[Image-text web data]
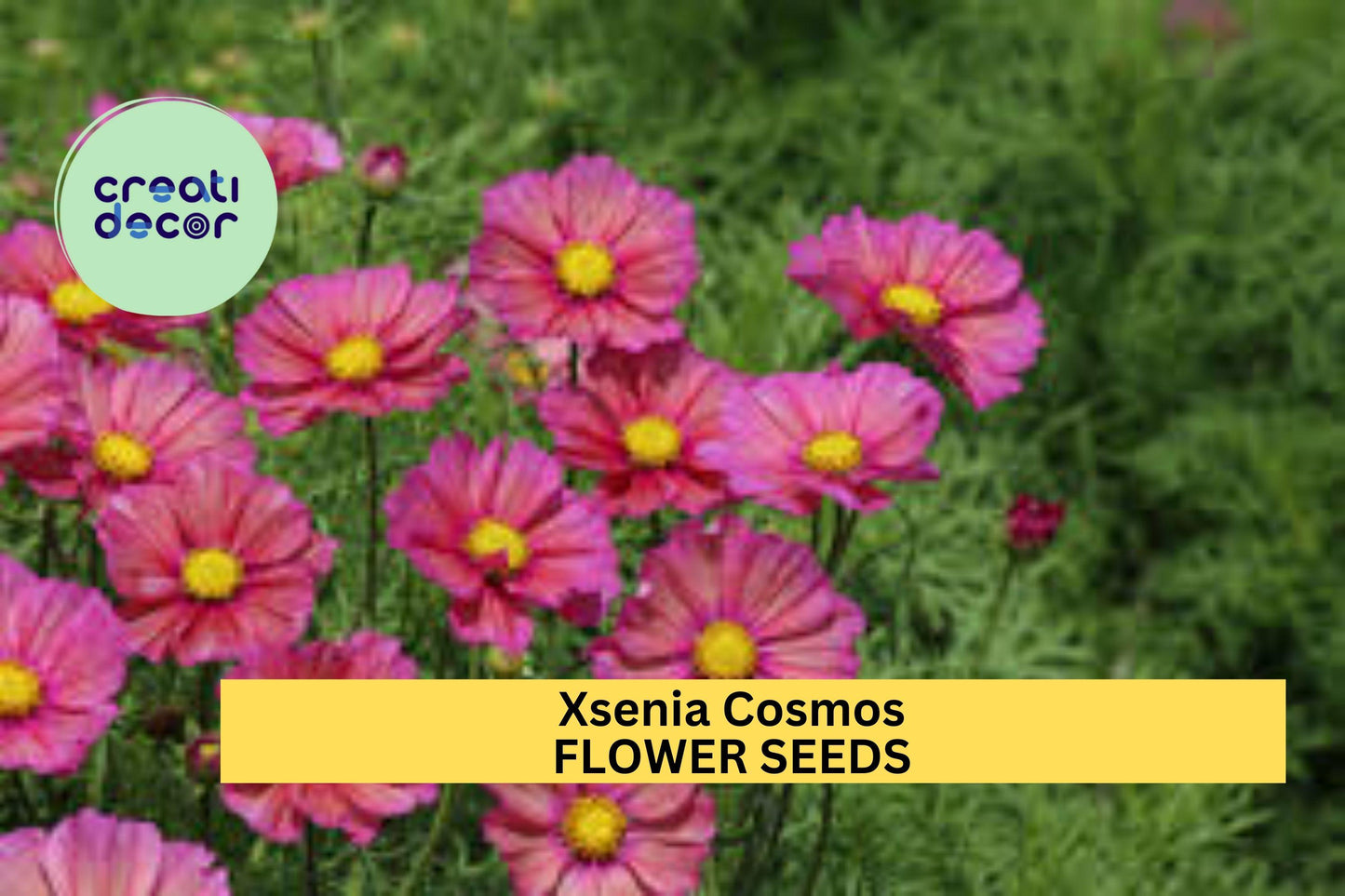 200+ Xsenia Cosmos Seeds – Iridescent Pink-Orange Blooms for Garden Planting, Compact Plants for Beds, Borders & Pollinators – USA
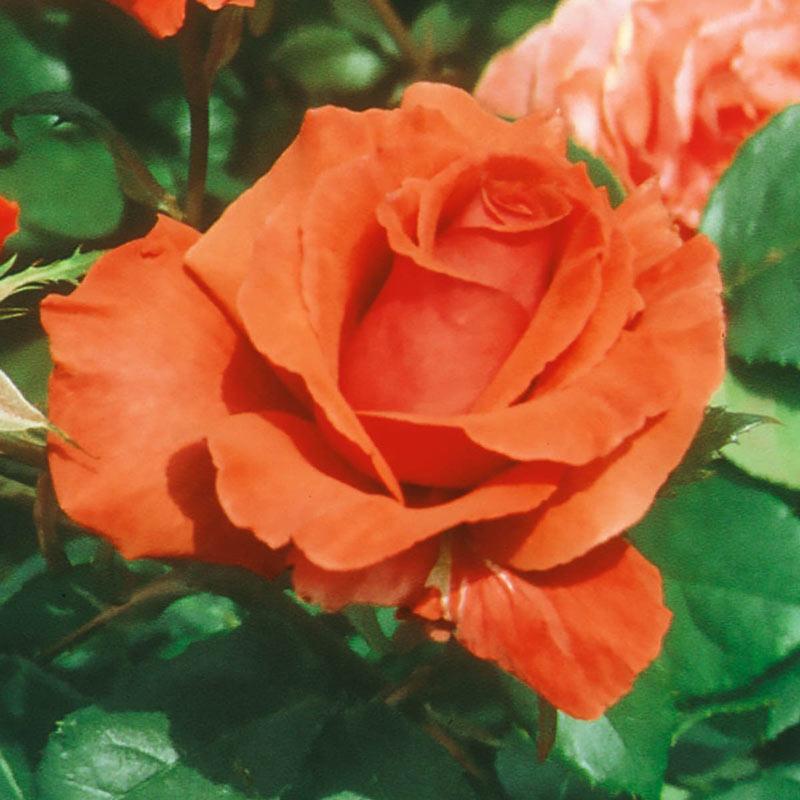 Rosa Hybrid Tea Fragrant Cloud - View 11 from www redcrocus com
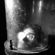 Avatar Eyvind Casse Avatar Eyvind Casse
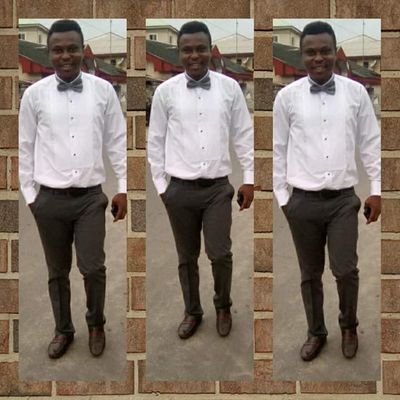 CEO dannivill groups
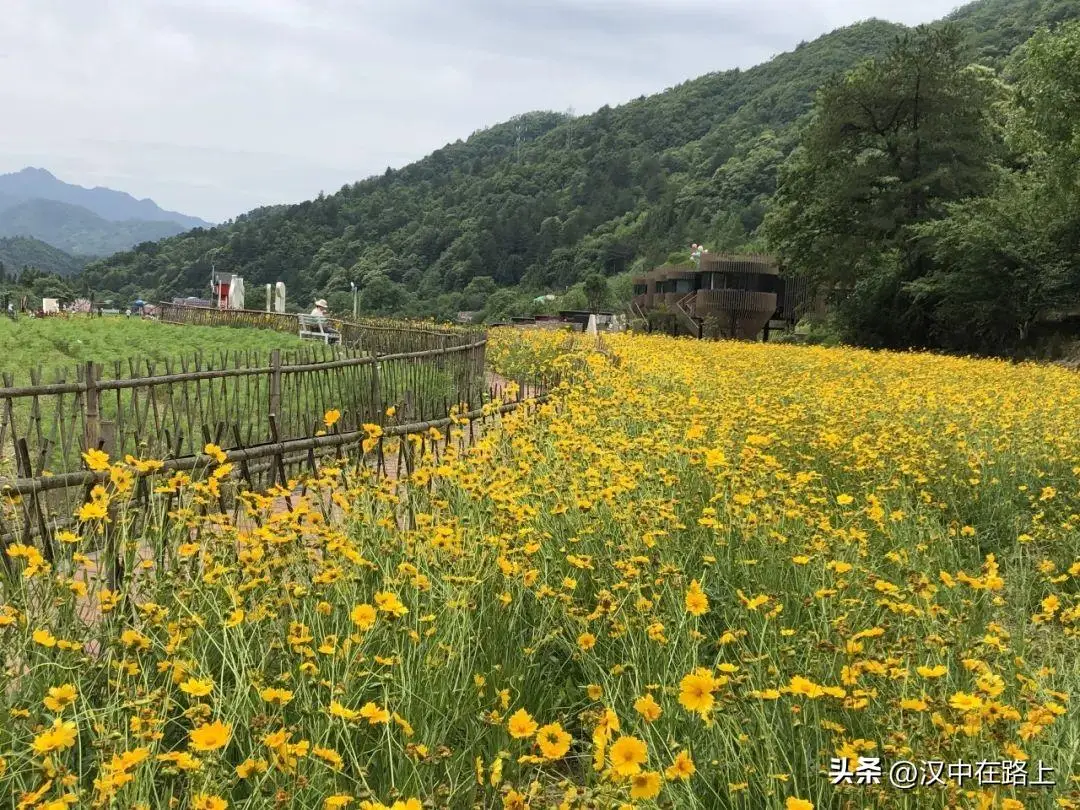 岛村侑配音_岛村_岛村实业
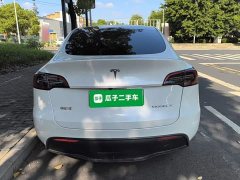 Tesla Model Y Rear-Wheel Drive - ფოტო 5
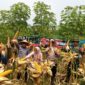 Polres Cimahi dan petani panen Raya jagung di lahan persawahan di Kabupaten Bandung Barat (foto: Humas Polres Cimahi)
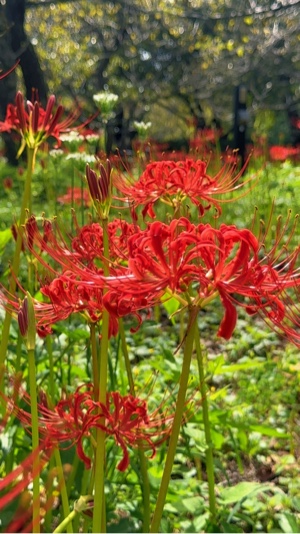 spider lilies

**What is required**
Write out the data above in full and exactly, but not the pictures.

**Answer to this exercise**
 200+ Xsenia Cosmos Seeds – Iridescent Pink-Orange Blooms for Garden Planting, Compact Plants for Beds, Borders & Pollinators – USA
 Rosa Hybrid Tea Fragrant Cloud - View 11 from www redcrocus com
 Avatar Eyvind Casse Avatar Eyvind Casse
 CEO dannivill groups
 岛村侑配音_岛村_岛村实业
 Tesla Model Y Rear-Wheel Drive - ფოტო 5
 Polres Cimahi dan petani panen Raya jagung di lahan persawahan di Kabupaten Bandung Barat (foto: Humas Polres Cimahi)
 spider lilies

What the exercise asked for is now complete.